- To do
Output, exactly as written, the lines below starting at the line containing "Gleichzeituhr 1" and ending at the line containing "Два человека пострадали". Drop the pictures and keep both end lines.

- Materials provided
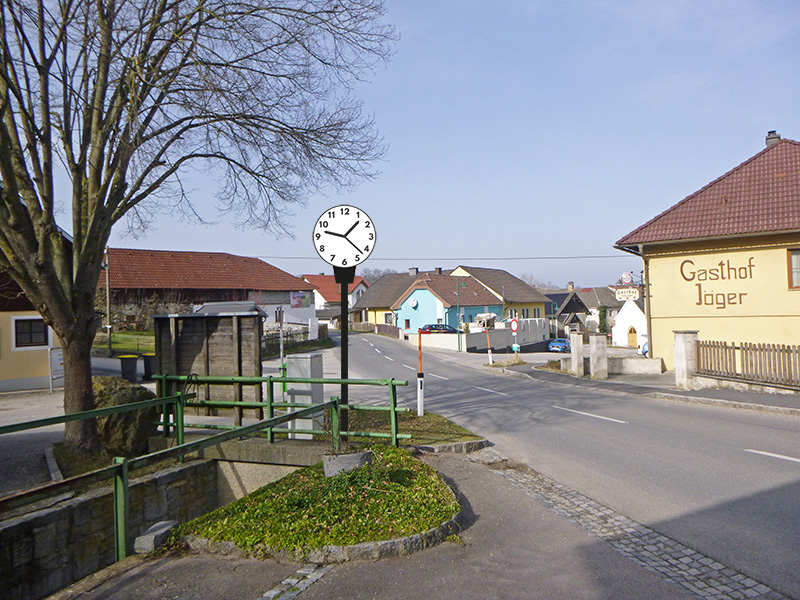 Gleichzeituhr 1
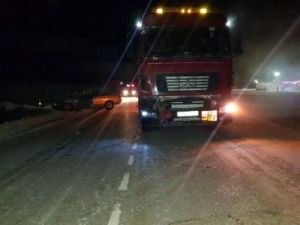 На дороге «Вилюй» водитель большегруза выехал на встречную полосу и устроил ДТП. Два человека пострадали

---

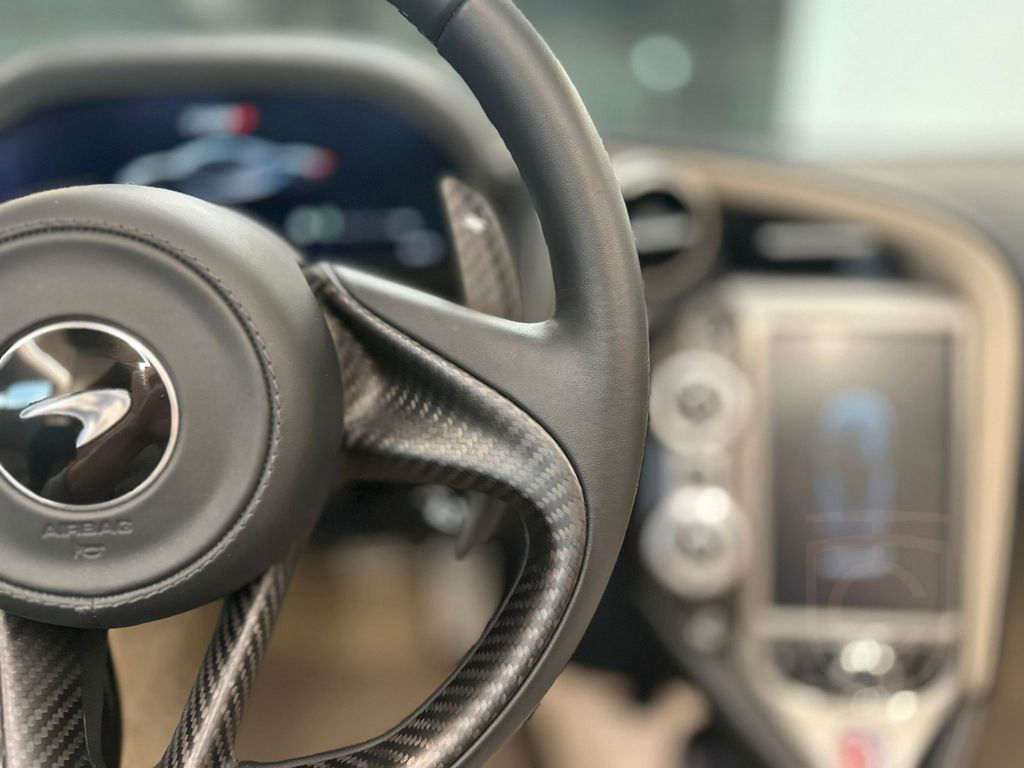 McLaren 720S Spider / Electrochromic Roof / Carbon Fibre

- Reply to the exercise
 Gleichzeituhr 1
 На дороге «Вилюй» водитель большегруза выехал на встречную полосу и устроил ДТП. Два человека пострадали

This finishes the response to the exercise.